India’s Central Bank has cut interest rates for the first time in three years to give fresh momentum to a slowing economy. The government hopes it will revive confidence in an economy that many fear is losing its sheen.
The Central Bank announced Tuesday it will cut interest rates by half a percentage point from 8.5 percent to 8 percent. The reduction was larger than expected.
The Central Bank says it has lowered interest rates because economic growth has slowed to less than what it believes is its long-term trend rate.
Economic growth slipped to less than 7 percent last year. Many believe that 13 successive rate hikes since March 2010 contributed to the slowdown in an economy that had been racing ahead at almost 9 percent.
Finance Minister Pranab Mukherjee hopes the Reserve Bank’s measure will help the economy to rebound.
"The growth outlook, which had weakened in these past months, should now improve. The monetary policy announcement should help in investment revival and contribute to strengthening business sentiment,” he stated.
Business leaders have welcomed the cut in interest rates and expressed confidence that it will encourage more aggressive investment. More expensive credit had slowed domestic demand for homes and cars.
But worries remain. The Central Bank has warned it may not be able to cut interest rates any further if the government does not take steps to control a high budget deficit.

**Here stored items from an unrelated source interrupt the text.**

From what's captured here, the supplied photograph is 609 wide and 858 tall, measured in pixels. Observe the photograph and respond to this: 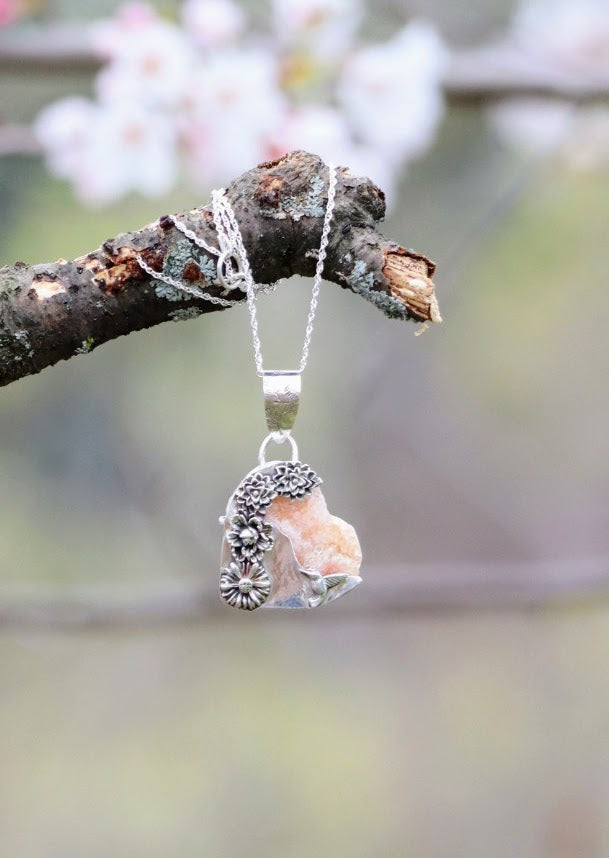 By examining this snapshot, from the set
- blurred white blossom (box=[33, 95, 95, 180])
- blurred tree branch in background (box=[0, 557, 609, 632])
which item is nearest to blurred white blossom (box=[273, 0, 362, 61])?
blurred white blossom (box=[33, 95, 95, 180])

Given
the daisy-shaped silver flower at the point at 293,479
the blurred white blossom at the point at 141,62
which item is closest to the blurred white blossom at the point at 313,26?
the blurred white blossom at the point at 141,62

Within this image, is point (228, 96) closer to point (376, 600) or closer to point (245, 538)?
point (376, 600)

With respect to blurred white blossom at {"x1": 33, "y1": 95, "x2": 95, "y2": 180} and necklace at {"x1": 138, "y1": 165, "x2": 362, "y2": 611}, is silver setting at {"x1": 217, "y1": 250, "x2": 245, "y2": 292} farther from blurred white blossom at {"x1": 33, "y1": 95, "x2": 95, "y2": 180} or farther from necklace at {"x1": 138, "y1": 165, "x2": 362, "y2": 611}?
blurred white blossom at {"x1": 33, "y1": 95, "x2": 95, "y2": 180}

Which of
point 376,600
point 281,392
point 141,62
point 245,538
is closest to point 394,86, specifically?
point 141,62

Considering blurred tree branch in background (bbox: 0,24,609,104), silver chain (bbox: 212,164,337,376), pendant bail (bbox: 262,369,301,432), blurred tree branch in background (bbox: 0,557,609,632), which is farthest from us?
blurred tree branch in background (bbox: 0,557,609,632)

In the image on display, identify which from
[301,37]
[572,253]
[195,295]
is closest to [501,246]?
[572,253]

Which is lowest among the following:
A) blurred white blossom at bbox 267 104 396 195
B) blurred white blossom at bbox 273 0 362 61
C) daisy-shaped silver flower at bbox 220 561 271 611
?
daisy-shaped silver flower at bbox 220 561 271 611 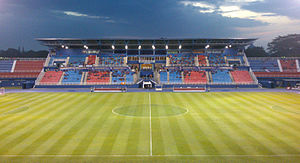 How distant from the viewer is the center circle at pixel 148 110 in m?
26.2

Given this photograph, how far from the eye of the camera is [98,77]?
59719mm

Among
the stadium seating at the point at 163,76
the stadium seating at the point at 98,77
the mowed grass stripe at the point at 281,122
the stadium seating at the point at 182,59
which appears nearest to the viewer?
the mowed grass stripe at the point at 281,122

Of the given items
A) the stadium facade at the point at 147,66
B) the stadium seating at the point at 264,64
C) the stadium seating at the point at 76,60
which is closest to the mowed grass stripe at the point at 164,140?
the stadium facade at the point at 147,66

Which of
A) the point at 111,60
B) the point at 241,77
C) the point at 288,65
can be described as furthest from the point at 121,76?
the point at 288,65

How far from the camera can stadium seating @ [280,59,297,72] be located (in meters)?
68.0

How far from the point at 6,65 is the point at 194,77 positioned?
215 feet

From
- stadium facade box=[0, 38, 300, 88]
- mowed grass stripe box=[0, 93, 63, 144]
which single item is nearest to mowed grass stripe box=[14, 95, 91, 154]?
mowed grass stripe box=[0, 93, 63, 144]

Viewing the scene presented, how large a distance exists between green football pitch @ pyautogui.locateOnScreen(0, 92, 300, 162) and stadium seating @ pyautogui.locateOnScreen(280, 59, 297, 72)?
48.3m

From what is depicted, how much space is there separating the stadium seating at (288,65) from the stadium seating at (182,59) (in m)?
32.8

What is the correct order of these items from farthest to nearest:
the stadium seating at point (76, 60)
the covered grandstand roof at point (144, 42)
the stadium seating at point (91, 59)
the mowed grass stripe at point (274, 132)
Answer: the covered grandstand roof at point (144, 42) < the stadium seating at point (91, 59) < the stadium seating at point (76, 60) < the mowed grass stripe at point (274, 132)

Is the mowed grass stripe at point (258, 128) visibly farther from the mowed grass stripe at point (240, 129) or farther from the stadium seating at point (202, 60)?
the stadium seating at point (202, 60)

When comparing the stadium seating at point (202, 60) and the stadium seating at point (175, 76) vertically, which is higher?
the stadium seating at point (202, 60)

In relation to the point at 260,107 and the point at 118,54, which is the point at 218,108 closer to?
the point at 260,107

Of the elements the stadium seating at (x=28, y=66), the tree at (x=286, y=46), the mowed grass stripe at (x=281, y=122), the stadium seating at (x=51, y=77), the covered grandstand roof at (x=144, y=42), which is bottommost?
the mowed grass stripe at (x=281, y=122) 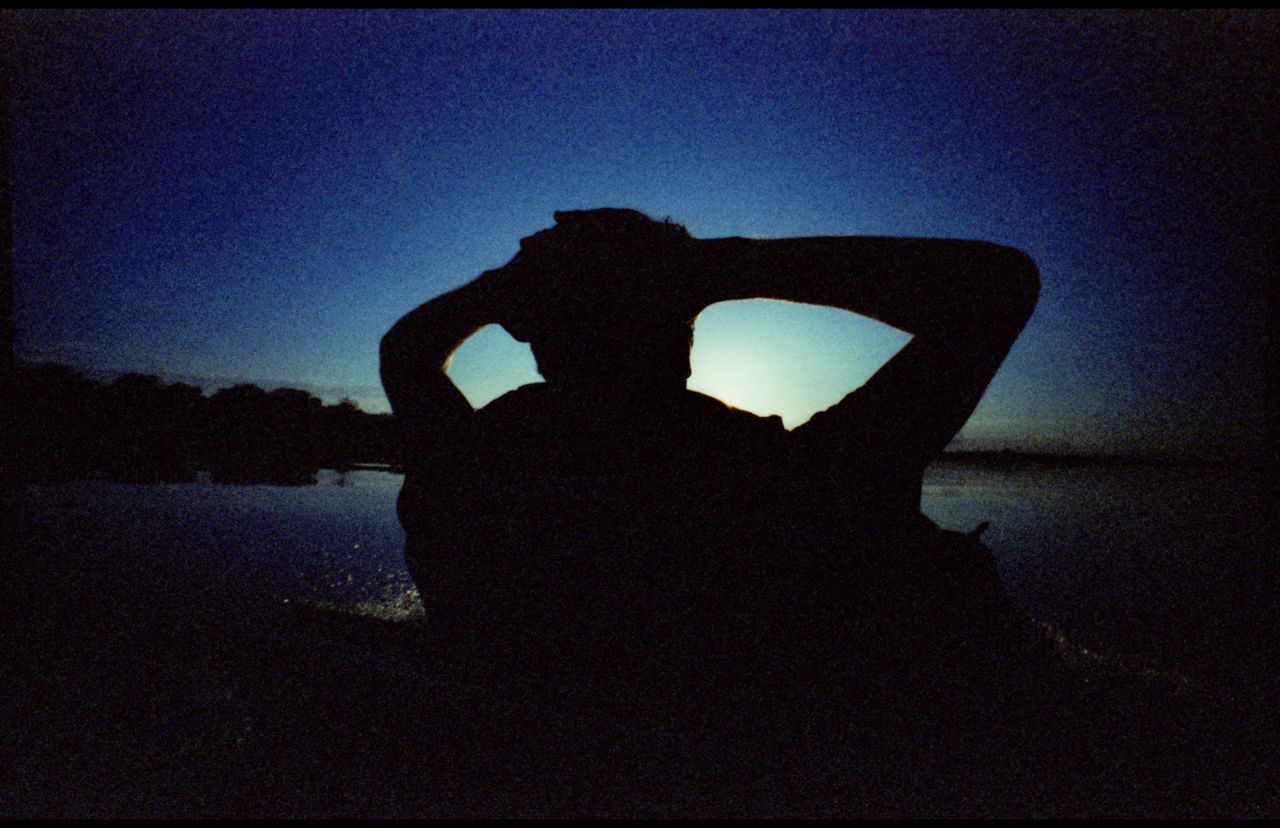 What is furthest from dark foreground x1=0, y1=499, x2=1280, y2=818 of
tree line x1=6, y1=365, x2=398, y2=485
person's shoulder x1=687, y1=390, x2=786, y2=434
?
tree line x1=6, y1=365, x2=398, y2=485

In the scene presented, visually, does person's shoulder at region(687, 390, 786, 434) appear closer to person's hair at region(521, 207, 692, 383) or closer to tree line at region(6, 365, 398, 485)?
person's hair at region(521, 207, 692, 383)

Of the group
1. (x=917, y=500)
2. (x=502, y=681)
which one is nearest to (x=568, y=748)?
(x=502, y=681)

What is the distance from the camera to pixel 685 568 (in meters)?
0.70

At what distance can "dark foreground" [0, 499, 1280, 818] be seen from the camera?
535 millimetres

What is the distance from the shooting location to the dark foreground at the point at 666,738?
53cm

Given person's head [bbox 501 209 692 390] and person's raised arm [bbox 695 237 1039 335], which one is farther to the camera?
person's head [bbox 501 209 692 390]

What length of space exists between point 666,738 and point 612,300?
0.52 metres

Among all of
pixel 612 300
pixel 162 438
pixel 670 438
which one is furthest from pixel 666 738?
pixel 162 438

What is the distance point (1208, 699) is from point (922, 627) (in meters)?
0.41

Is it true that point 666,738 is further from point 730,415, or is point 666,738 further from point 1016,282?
point 1016,282

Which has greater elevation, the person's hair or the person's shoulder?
A: the person's hair

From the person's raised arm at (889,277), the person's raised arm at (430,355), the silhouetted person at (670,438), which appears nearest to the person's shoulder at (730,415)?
the silhouetted person at (670,438)

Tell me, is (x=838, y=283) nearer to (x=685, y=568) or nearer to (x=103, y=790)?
(x=685, y=568)

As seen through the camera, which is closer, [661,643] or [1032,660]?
[1032,660] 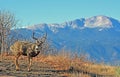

A higher bill for food and fuel subsidies, and higher spending on rural welfare programs, have put the government’ finances under strain.
N. R. Bhanumurthy, at the National Institute for Public Finance and Policy in New Delhi, says it is critical for the government to shore up its finances.
“The biggest downturn risk is the seriousness of the government in containing the deficit, particularly the subsidy bill. They are expected to bring it down sharply, he said. "If that does not realize, I think the scope for monetary policy to play as a growth measure is going to be very limited.”
The government is hoping that growth will improve this year to over 7 percent.
India is Asia’s third largest economy, and was widely seen as one of the engines that could help a global economic revival. But the recent slowdown has dented some of that that optimism.